Customer numbers increased once again, with growth well ahead of the market.
During the period
Morrisons showed the strength of its innovation and product development
across its food ranges. At the “Grocer Own Label Excellence Awards” (an
annual scheme to recognise innovation and quality in own label product
development),
Morrisons won an
unprecedented total of nine of the twenty eight awards, much more than any
other retailer. Morrisons continued to invest in value with a further 8,000
price cuts and over 5,000 price promotions featuring as part of its popular
‘Price Crunch’ campaign. The ‘Value’ range was further extended and market
share gains from premium food retailers saw ‘The Best’ range achieve good
sales performance.
Store expansion
The Group has opened two new stores so far this
financial year, and, in addition to the normal programme of openings and
store extensions, 2009 will see the integration of the Co-Op and Somerfield
stores, following the transaction announced last year. The Group has taken
possession of these stores, which are now closed for refurbishment and
rebranding to Morrisons standards, including the installation of Market
Street. The first converted stores to open will be at Kingsbridge (Devon)
and Shefford (Bedfordshire) in June. A number of stores are currently going
through a competition review process with the OFT.
Corporate Social Responsibility
This quarter saw publication of the Group’s annual
Corporate Social Responsibility report, which highlighted further good
progress towards stretching targets. In particular, we achieved our goal of
reducing carbon emissions by 36% one year ahead of plan, and in the process
became the first grocer to be awarded the Carbon Trust Standard.

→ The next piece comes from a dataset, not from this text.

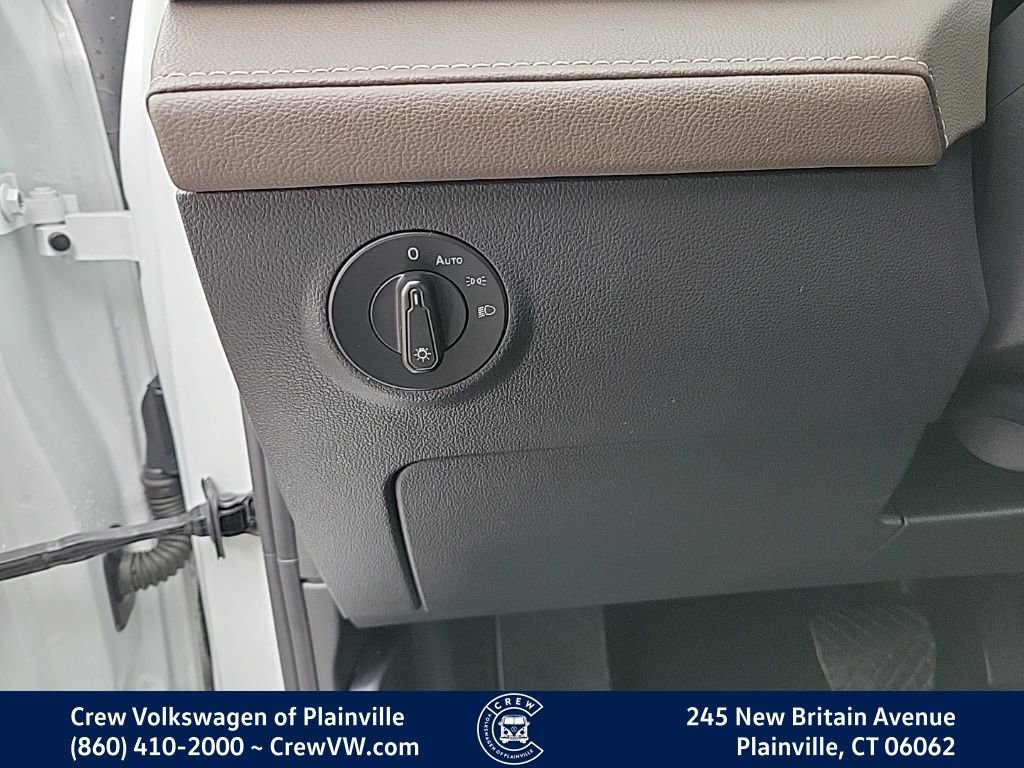 Certified 2022 Volkswagen Taos SEL image 39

We issued a further 12m reusable bags, an initiative
that has helped us to reduce carrier bag usage in our stores by 505m units
since 2006. During February and March we issued nearly 100,000 items of
gardening equipment to over 15,000 schools taking part in our “Let’s Grow”
campaign, encouraging children, their teachers and parents to take an
interest in where food comes from and how it is grown. We also launched a
major initiative called “Great Taste Less Waste” to help educate our
customers in the reduction of food waste – this has the twin benefits of
being good for the environment and helping customers to save money in the
challenging economic circumstances of today.
Pension Scheme
Following successful consultation with our pension
scheme members, we are now in position to conclude the process of putting
our defined benefit pension schemes onto a sound financial footing for the
long term. Previously, we have injected £200m into the schemes, reduced – in
consultation with the Trustees – the funds’ exposure to equity investments
and put the actuarial valuation on a very prudent basis of assumptions,
particularly mortality rates. The final step, to be implemented at the half
year stage, will be to move all future benefit accrual onto a career average
basis, such that it will grow in line with inflation rather than being
linked to final salary. This is expected to result in the recognition of an
exceptional credit in the income statement at the interim stage.
Credit Rating
During the quarter, our credit rating was upgraded, for
the second successive year, by Moody’s to A3, further strengthening the
Group’s investment grade rating. This was welcome external recognition of
the prudence of our balance sheet principles and strength of our financial
performance.
Outlook
The Board is encouraged by the progress of the business
at this early stage of the year.
Performance in the first quarter has been in line with
our expectations and our financial outlook for the year remains unchanged.